This morning I read the "California Office to Reform Education" No Child Left Behind waiver request. It is available here.
It is not a very interesting document. It offers a new accountability plan that will definitely require more student testing, and teachers will absolutely be evaluated on that assessment. (Waiver requests require this; SFUSD at least has been rather quiet about this.) In theory, the CORE districts will also take into consideration social-emotional well-being when judging accountability; this definitely means student surveys and possibly means building repairs.

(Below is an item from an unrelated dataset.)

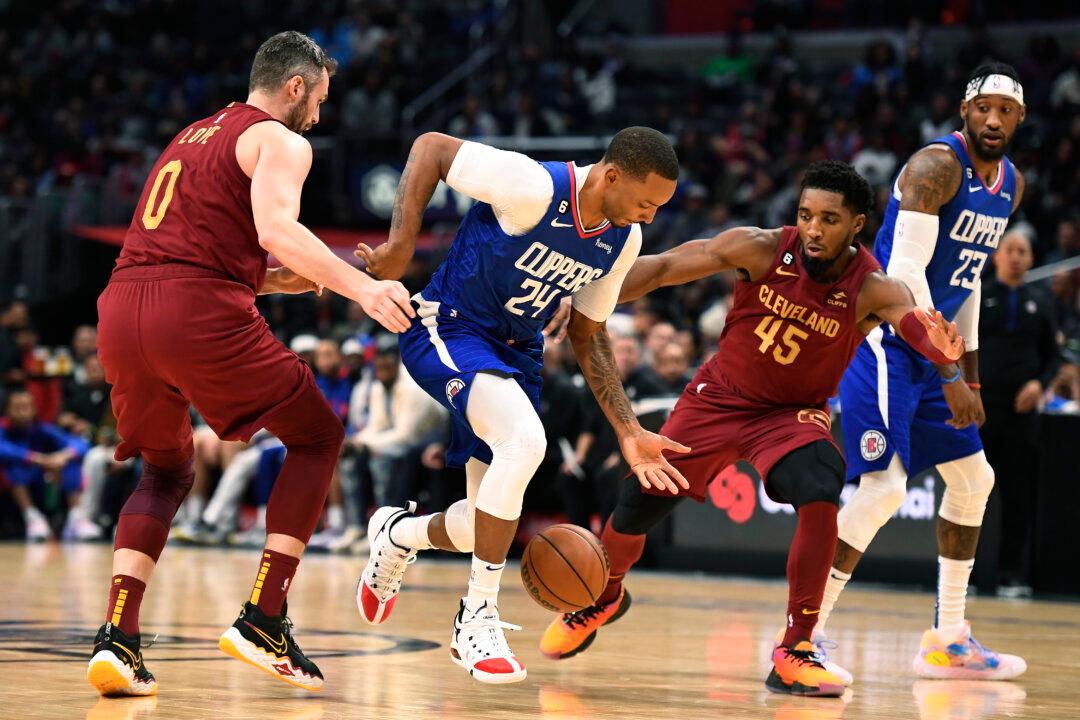 Clippers Escape Late Hole, End Cavs’ Winning Streak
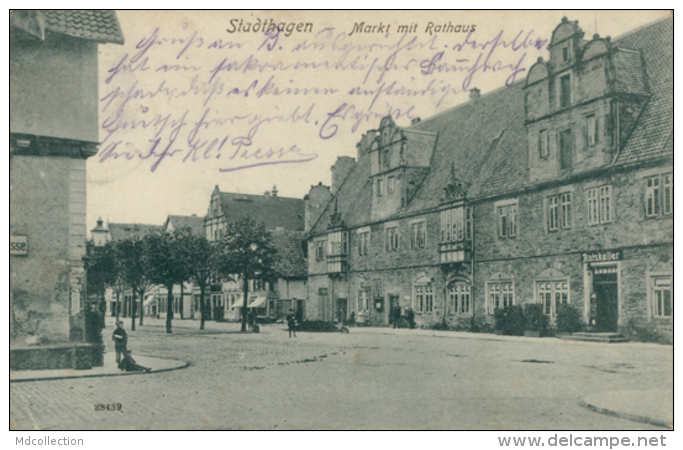 DE STADTHAGEN / Markt Mit Rathaus / - Stadthagen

It is also not a very well-edited document. I suppose the redundancies of language are to be expected in a waiver application; the more you sound like Arne Duncan, the better your chances, right? There is also some confusion about the number of districts making up the CORE; ten Superintendents sit on the Board but most of the documentation refers to eight districts. (Also, someone forgot to remove editing notes, so that on page 44, there's a parenthetical asking if eight should be changed to 10?? (question marks as shown here).
More interesting are the people and foundations supporting CORE. Its Executive Director is Rick Miller of Capitol Impact. Capitol Impact engages in "non-lobbying" activities that include providing "access to policymakers and opinion leaders". Capitol Impact works closely with the Gates Foundation and the pension-loathing millionaires at California Forward.
Among those associated with and funding CORE's work is the Parthenon Group. They most recently came to my notice when they anonymously tipped off the San Francisco Chronicle that teachers unions hate school districts getting money. Actually, it ends up that the story was more that school district officials and union leaders do not agree with the Parthenon Group that accepting small sums of money in exchange for larger, permanent cash outlays is a great idea.
Anyway, my brief examination of CORE's founders, friends, and associates confirms my general opinion of the CORE waiver: there may be some good ideas in there, but despite the local rhetoric, it's more untested reform at the behest of the powerful.